Assignment 8

Due date:

Late assignments will be penalized 10% per day, and will not be accepted after .

1. Hand In

Each student is required to do this assignment individually and to hand in the following: Place these items in a 9"x11" envelope, with the following information clearly marked on the outside of the envelope:

Name, Student Number, Assignment Number, Course Number (T26)

Assignments which are not in an envelope will not be marked

Deposit your envelope in .

Marking Scheme

Programming standards: 10pt, Question 1: 30pt, Question 2: 10pt, Total: 50pt.

Your program must conform to the programming standards. These are described in a separate sheet.

2. Program Handout

All code is supplied except for the procedures below which you must write.

This assignment involves an empirical comparison of the efficiency of the retrieve operation for two different open addressing strategies - linear probing and double hashing. Efficiency is measured by the average number of probes needed for retrieval.

3. Question 1

You are given all the operations on hash tables you need for this assignment except insert and retrieve.
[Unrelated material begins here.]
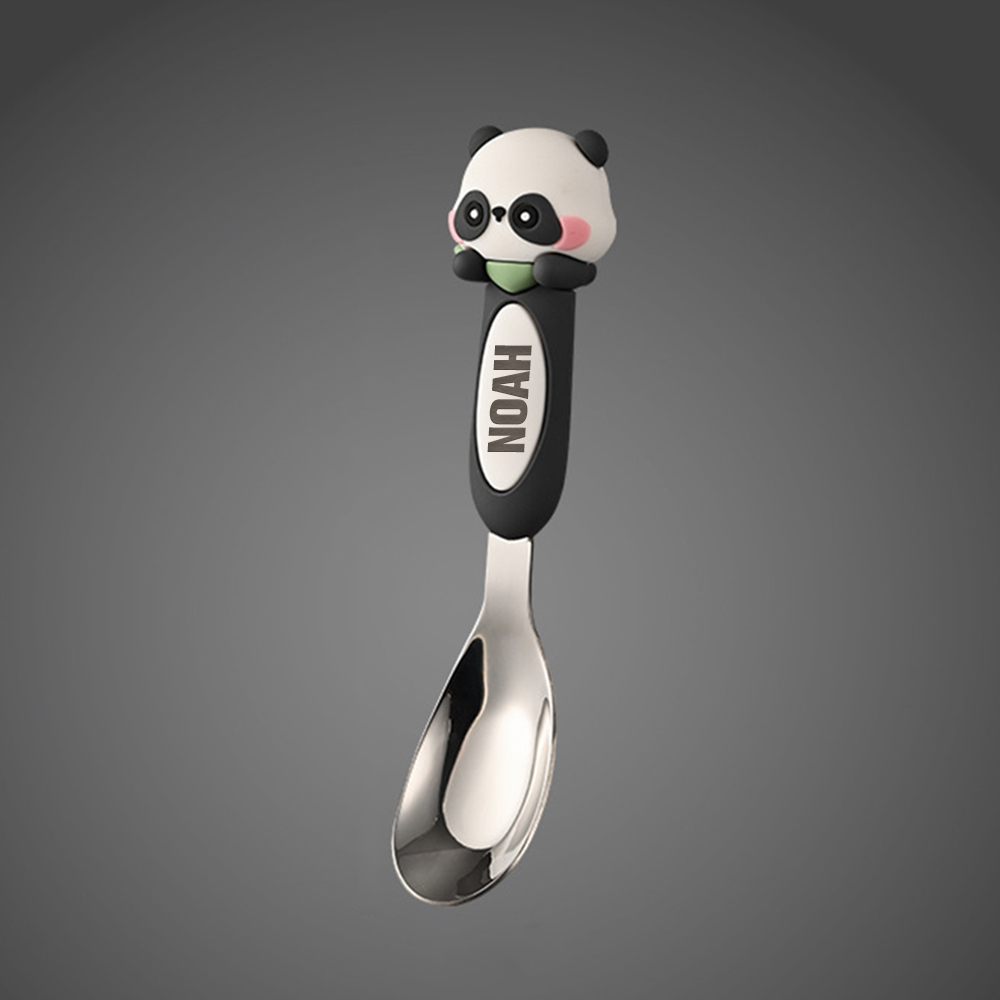 Personalised Baby Stainless Steel Animal Cartoon Feeding Spoon | CWBaby354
You must implement insert and retrieve for two different open addressing strategies: linear probing and double hashing. For linear probing, call these operations lp_insert and lp_retrieve. For double hashing, call them dh_insert and dh_retrieve.
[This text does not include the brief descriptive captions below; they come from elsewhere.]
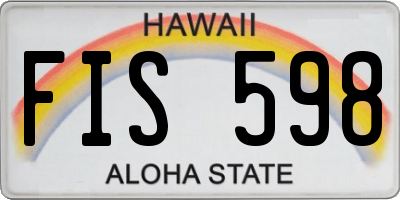 HI license plate FIS598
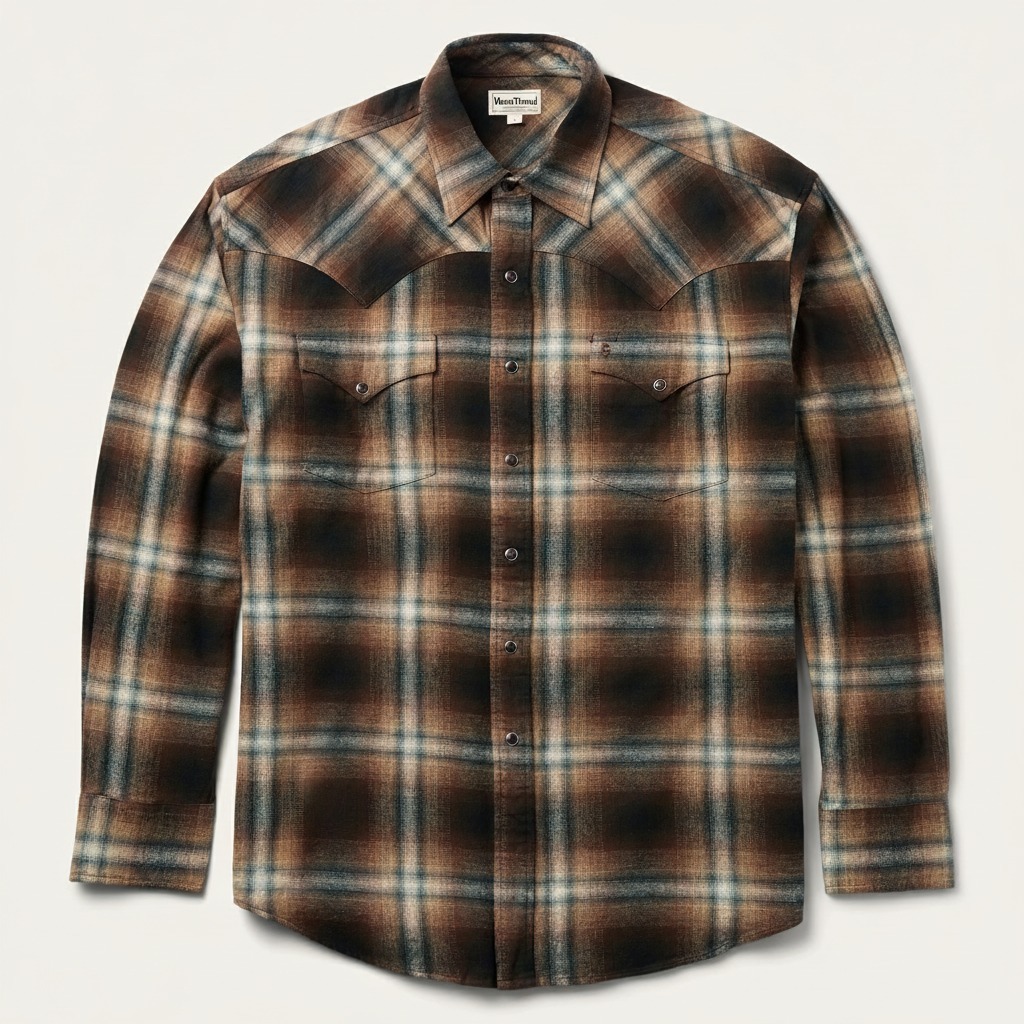 Ombre Plaid Western Shirt-MesaThread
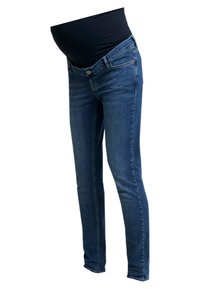 Tumed sinised rasedusjeansid, kitsas lõige, elastse vöökohtpanniga toetuseks, mis sisaldavad õmblemise detaile jalgade ääres.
In addition to its usual parameters, the retrieve operation should return the number of probes required to do the retrieval.
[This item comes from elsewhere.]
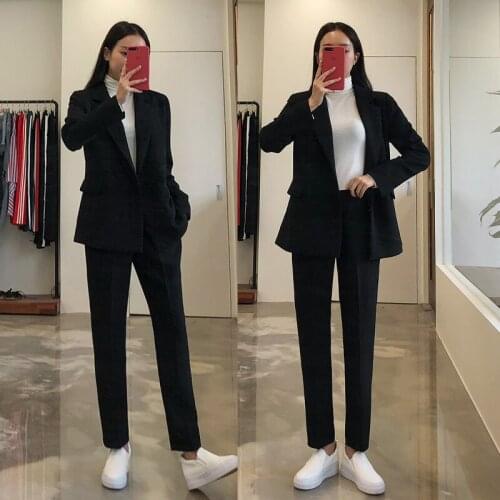 Pants suits elegant woman spring and autumn black solid color fashion office ladies business professional OL two-piece suit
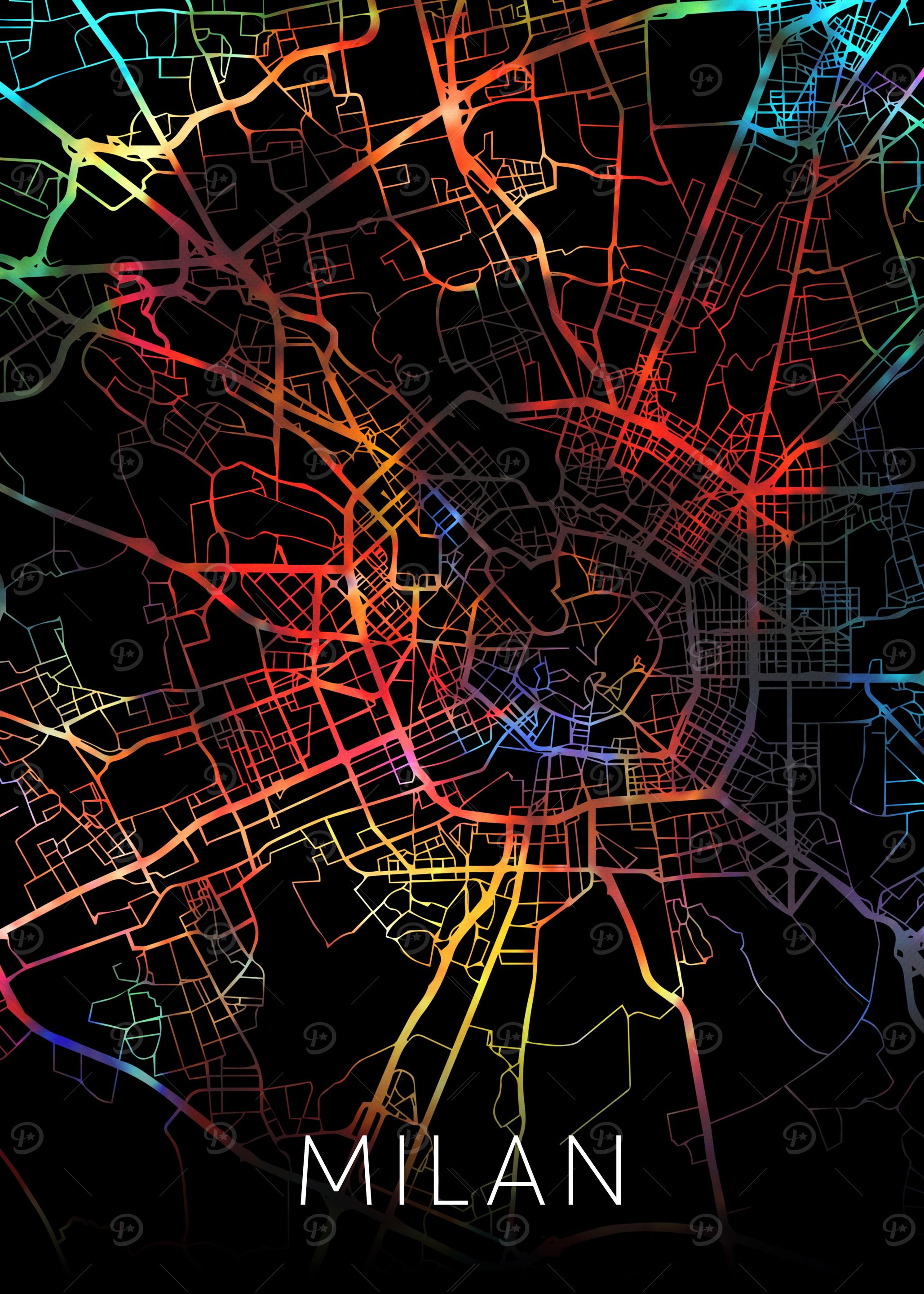 Milan Italy Watercolor Map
Your insert procedures may assume the value to be inserted is not already in the table.

The values to be stored in the table are simply integer keys with no data parts.

4. Question 2

The main program you are given generates N different random values in the range 0..(R-1) and inserts them into one table using lp_insert and into another table using hd_insert. It then generates an additional Ntest random values in the same range and retrieves each of them from the two tables, using the appropriate retrieve procedure. It writes out N and the average number of probes to retrieve a value using Linear Probing (LP) and Double Hashing (DH).

It repeats this for N = 15, 30, 45, 60, 65, 70, 75, 80, 85, 90, 95. These values correspond to different ``load factors'' since the size of the table is fixed (101).

The range (R) and Ntest are values you should enter from the keyboard. A good choice for your final runs is R=Ntest=1000.

Your also asked to enter a `seed': this is used to initialize the random number generation process. It should be a real value with a fractional part that is not related to a power of two (e.g. 123.456 is a good choice, but 0.5 is not).

Run the program 4 times using a different seed each time. Average the results for each value of N across the four runs and graph the average values. In the graph, the x-axis is N and the Y-axis is the average number of probes to retrieve a value. Plot the points for Linear Probing and Double Hashing on the same graph.

Briefly explain and discuss the significance of your results.